Besides, I'm kinda old. My sexual past started 32 years ago. I've forgotten most of it, other than the spectacularly bad and the spectacularly good. I don't want to start reminiscing and dragging it out of the memory banks for the sake of sharing it -- most of it I don't really want to remember.

And most guys seem to be convinced that every other guy you've ever been with has been bigger anyway.


----------



## that_girl (Jul 6, 2011)

I know enough about my husband's sexual past to satisfy my curiosity. He knows enough about mine.

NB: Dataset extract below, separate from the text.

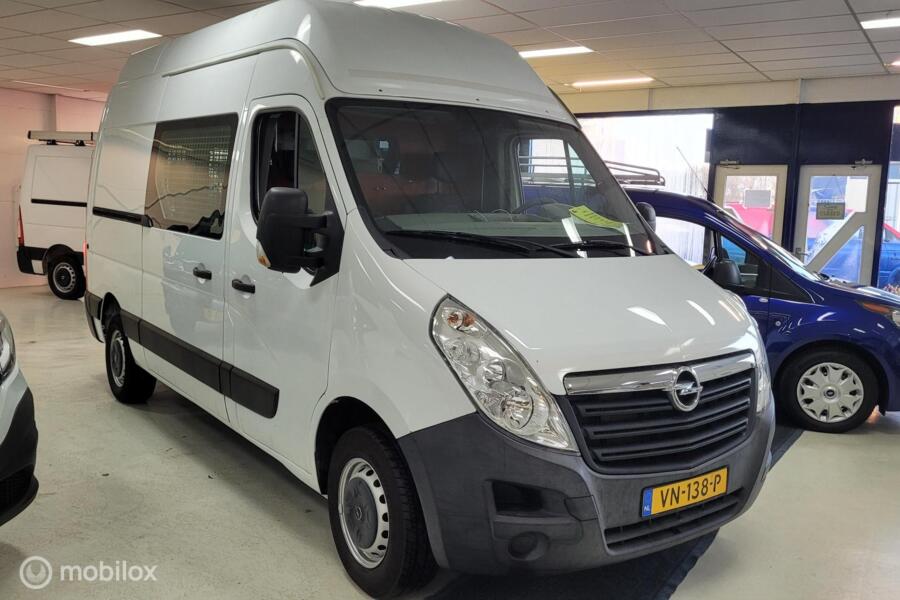 Opel Movano bestel 2.3 CDTI L2H3 Automaat Airco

I don't need details. He doesn't need details.


----------



## SepticChange (Aug 21, 2011)

I don't want to know those details unless he wanted to know mine. Every now and then especially as we're laying in bed to go sleep he'll bring up a detail about sex with someone of his past. He actually did it last night. I don't want to know this and I find it kind of disrespectful. I don't tell him my past. I mean he gets all detailed and I don't know how to tell him to stop and that it bothers me...especially since I didn't even freaking ask!

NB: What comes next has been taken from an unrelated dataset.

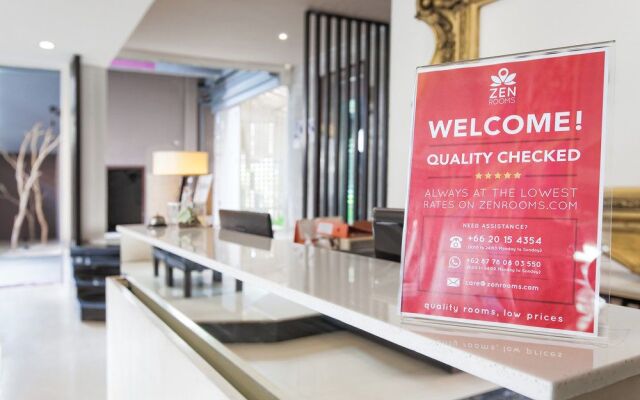 ZEN Rooms Patong Sai Kor Road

As for number...he knows mine and I have somewhat of an idea of his. He's been with half of Europe...he doesn't even know his number. I accepted that. But for the nitty gritty details...leave that out please. It especially pisses me off cuz I know he probably wouldn't want to hear my details.


----------



## charlene (Jul 21, 2011)

I know WAY too much , so does he ! Biggest mistake !


----------



## YinPrincess (Jul 31, 2011)

My husband has revealed more that I wanted to know about his past, but I guess I'm okay with it, because I'm not sure if he's being completely truthful.

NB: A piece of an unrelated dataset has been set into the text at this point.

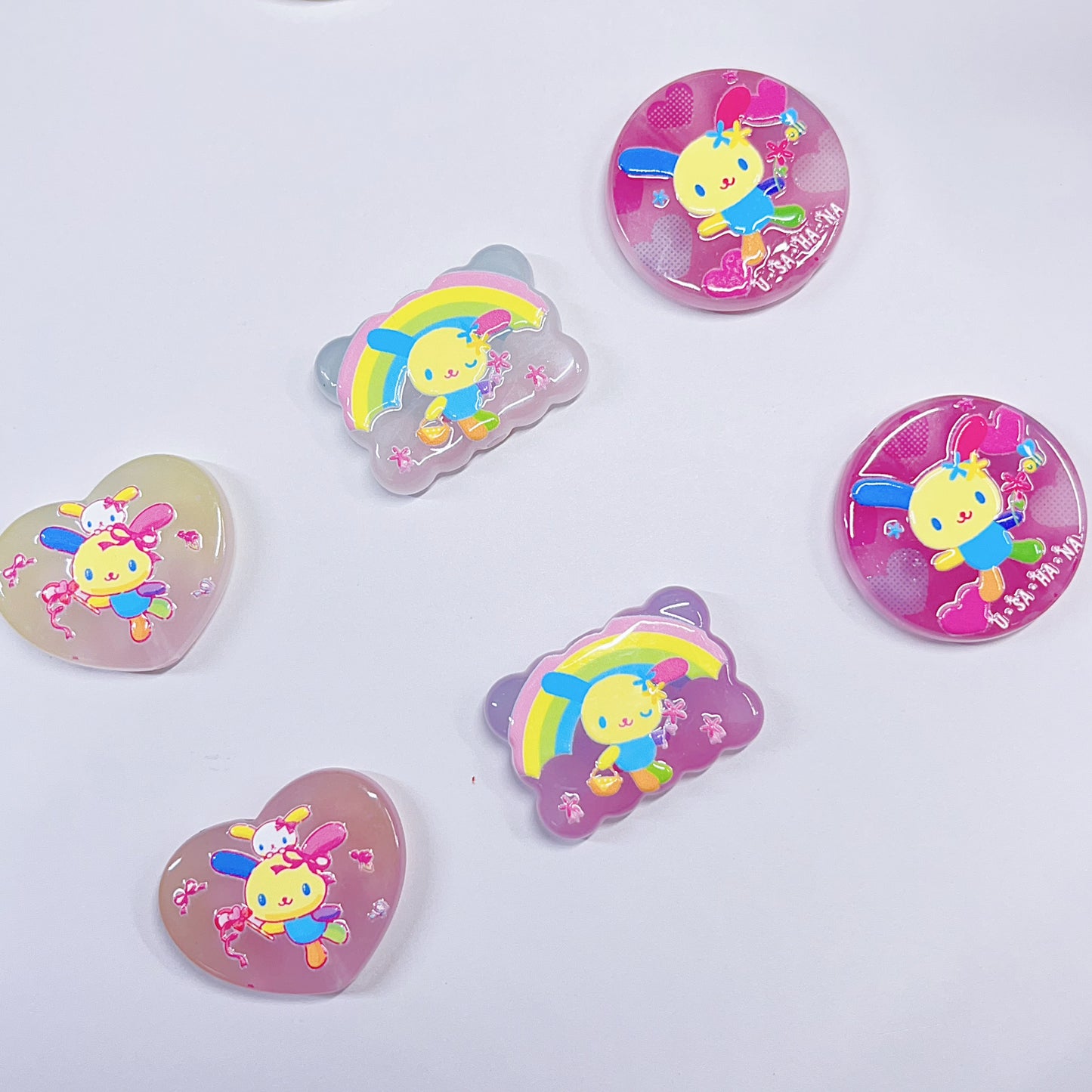 【特別奉仕品】ハナウサーレリーフ加工&カラーチェンジ&夜光ーNEW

He knows a little about mine, doesn't seem to mind sexual history as much as relational history... I find that interesting.

No, I would not want to know any more about my hubby's sexual past unless it could benefit me in some way...


----------



## CandieGirl (Apr 27, 2011)

As far as sharing goes, I believe that it's best to know 'who' but not necessarily 'what'...for some stupid reason, my H (BF at the time) tried to slide one past me as 'just a friend' - needless to say I was pretty pissed when I found out. And I have no idea why he did it, there is no contact between them at all, and she lives on the opposite coast, so not like we'll be running into her at the grocery store. This caused a huge issue once I found out, and we ended up in counselling over it! I just couldn't understand WHY he would lie (by omission) about that.


----------



## charlene (Jul 21, 2011)

CandieGirl said:


> As far as sharing goes, I believe that it's best to know 'who' but not necessarily 'what'...for some stupid reason, my H (BF at the time) tried to slide one past me as 'just a friend' - needless to say I was pretty pissed when I found out. And I have no idea why he did it, there is no contact between them at all, and she lives on the opposite coast, so not like we'll be running into her at the grocery store. This caused a huge issue once I found out, and we ended up in counselling over it! I just couldn't understand WHY he would lie (by omission) about that.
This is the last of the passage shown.